━━━ Given records ━━━

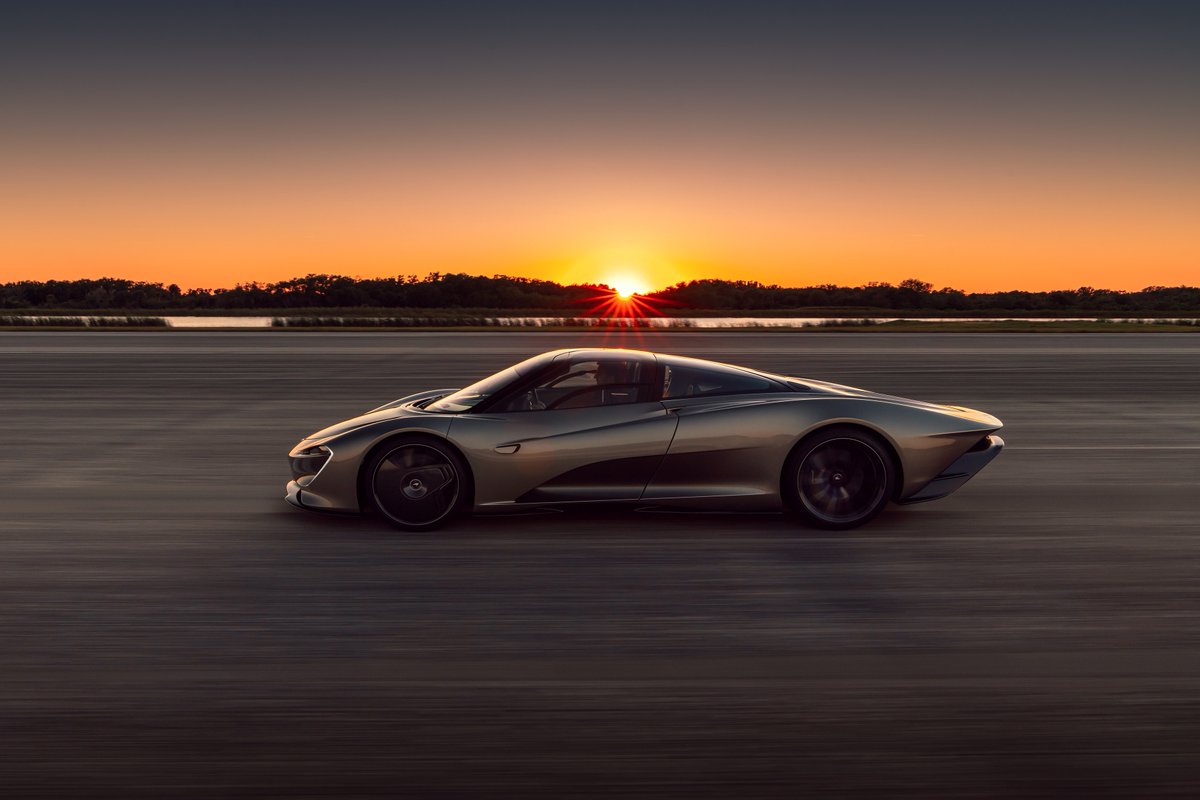 McLarenAuto's tweet photo. The McLaren Speedtail’s straight line acceleration is truly mind-boggling, setting a new benchmark for McLaren. 0-300km/h (0-186mph) is achieved in less than 13 seconds https://t.co/zP3eyeAuhV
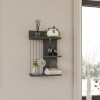 Hanah Home Wall Shelf Kinik - Anthracite Anthracite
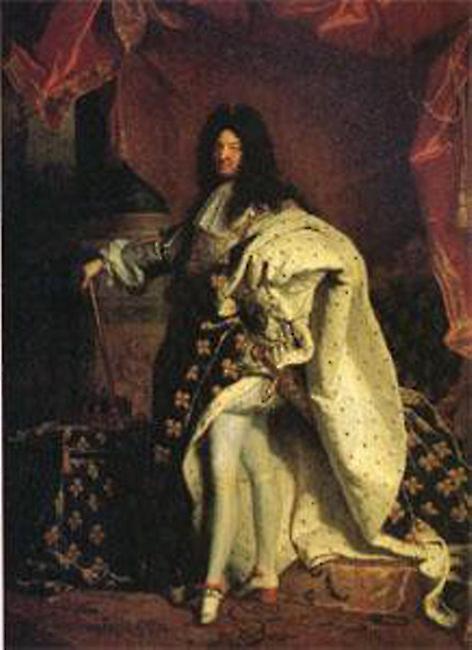 Louis XIV King of France, Hyacinthe Rigaud, 50x40cm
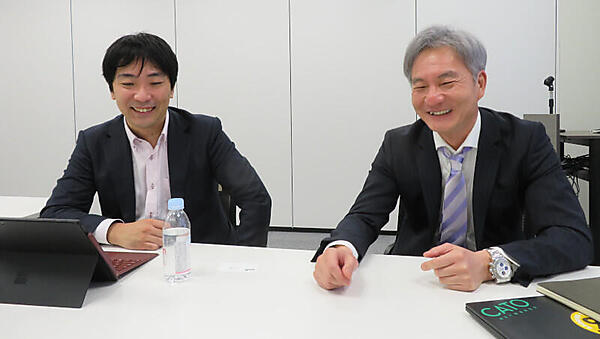 Cato Networksの日本人社員、桜井氏（左）と四方氏（右）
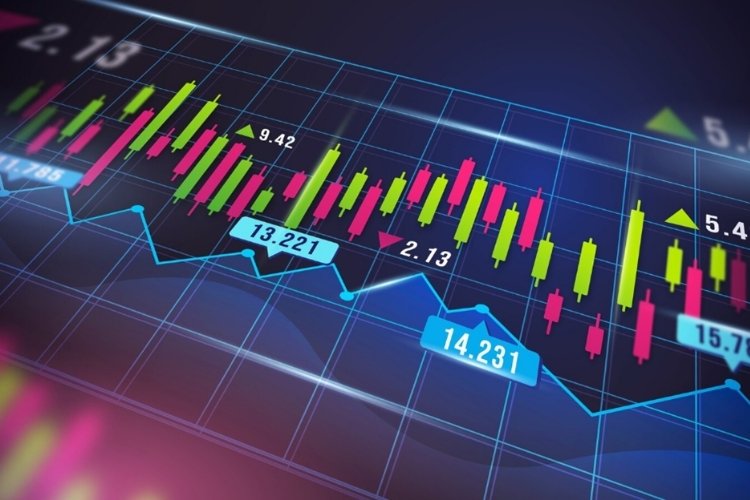 Foto de oscilação de criptomoeda Ethereum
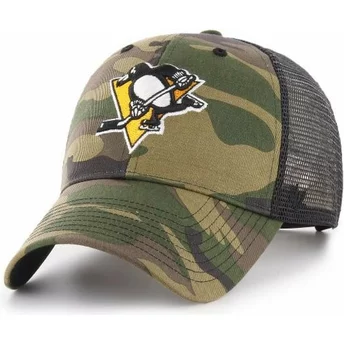 47 Brand Pittsburgh Penguins NHL MVP Branson Trucker Cap camo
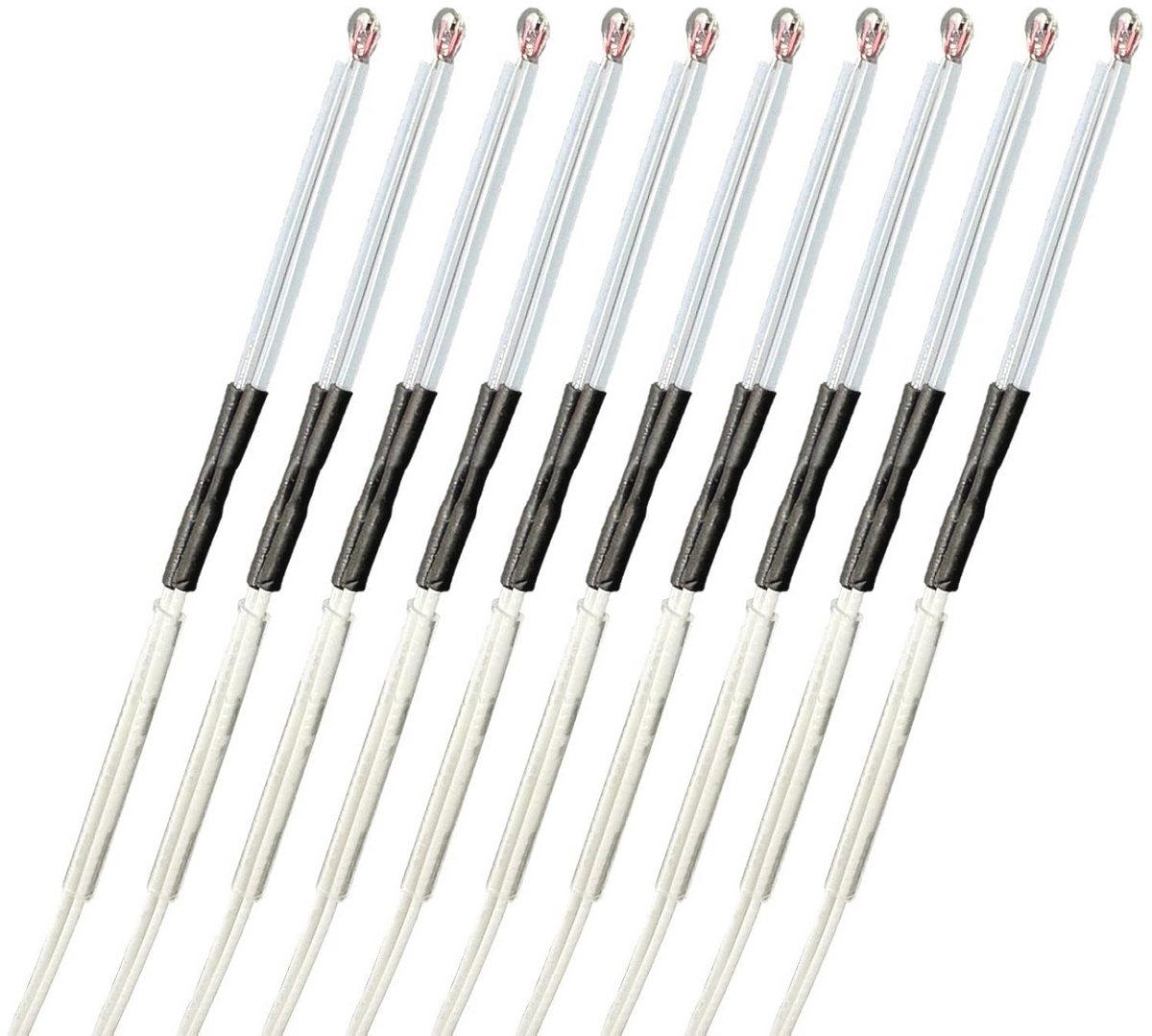 NTC 3D-printer Thermistor 100K Temperatuursensor voor MK8 V6 en Ender-3 / Pro, Ender-5, CR-10 / 10s - Verpakking van 10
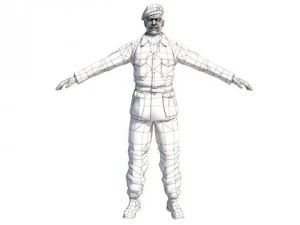wwii partisan 3d character 3D Model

━━━

◆ Brief
All lines from the one containing "Hanah Home Wall" to the last line of the records above, and no others, should be returned unchanged, without pictures.

◆ Solution
 Hanah Home Wall Shelf Kinik - Anthracite Anthracite
 Louis XIV King of France, Hyacinthe Rigaud, 50x40cm
 Cato Networksの日本人社員、桜井氏（左）と四方氏（右）
 Foto de oscilação de criptomoeda Ethereum
 47 Brand Pittsburgh Penguins NHL MVP Branson Trucker Cap camo
 NTC 3D-printer Thermistor 100K Temperatuursensor voor MK8 V6 en Ender-3 / Pro, Ender-5, CR-10 / 10s - Verpakking van 10
wwii partisan 3d character 3D Model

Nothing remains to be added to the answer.